Steve Huntoon | Steve Huntoon

One would have thought this answered many times over the last 25 years. Most recently with the poster child of the Vogtle nuclear plant in Georgia that is seven years late and a mere $16 billion over budget.[1] And with regulatory capture resulting in regulated equity returns greatly exceeding the true cost of equity.[2] But every so often the utility monopolies manage to get the opposite proposition back on the public policy radar screen.
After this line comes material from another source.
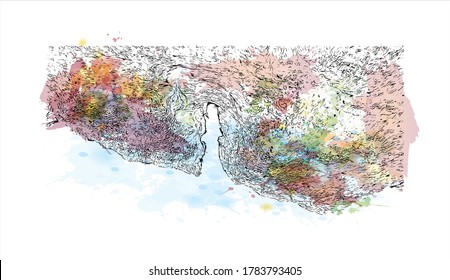 Building view with landmark of Adelaide is South Australia’s cosmopolitan coastal capital. Watercolor splash with hand drawn sketch illustration in vector.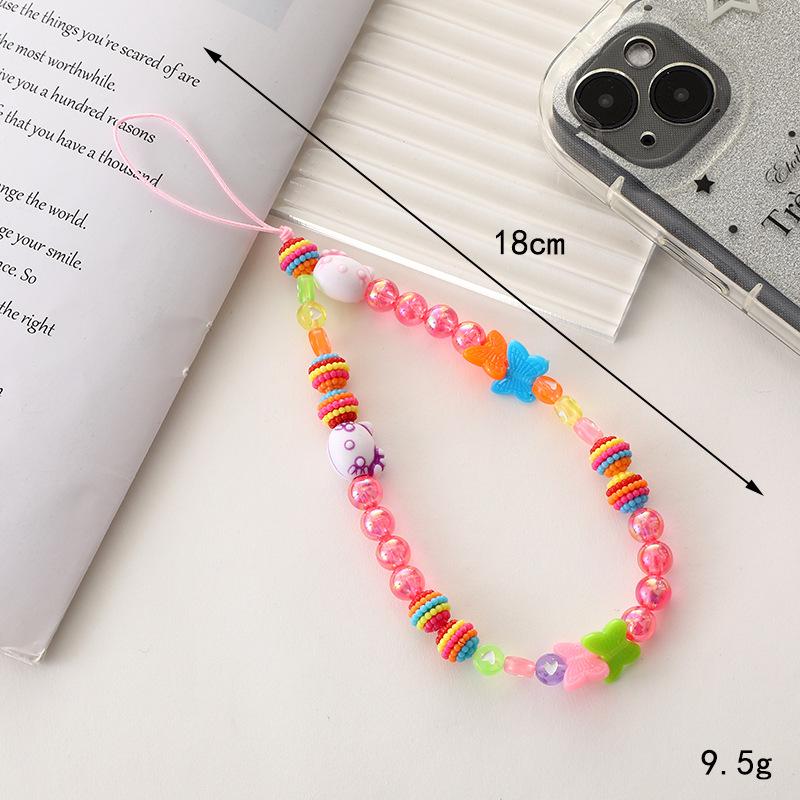 Stylish Pearl Bow Mobile Phone Lanyard with CCD Camera Pendant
So it was with a New York Times story in January this year claiming that 35 states that deregulated some or all of their electric system tend to have higher rates than the other 15 states.[3] Where to begin?

What Matters

The sea change over the last 25 years has been the introduction of competition in the generation of electricity in some states — this is where the big money is and what warrants study. This should not be confused with the introduction of retail competition in some states — retail prices largely reflect generation (supply) prices. Or whether a state’s utilities are in an RTO — largely irrelevant to whether generation remains a monopoly. Or whether competition in transmission is a good thing — which, by the way, I have argued ad nauseum is yes.[4]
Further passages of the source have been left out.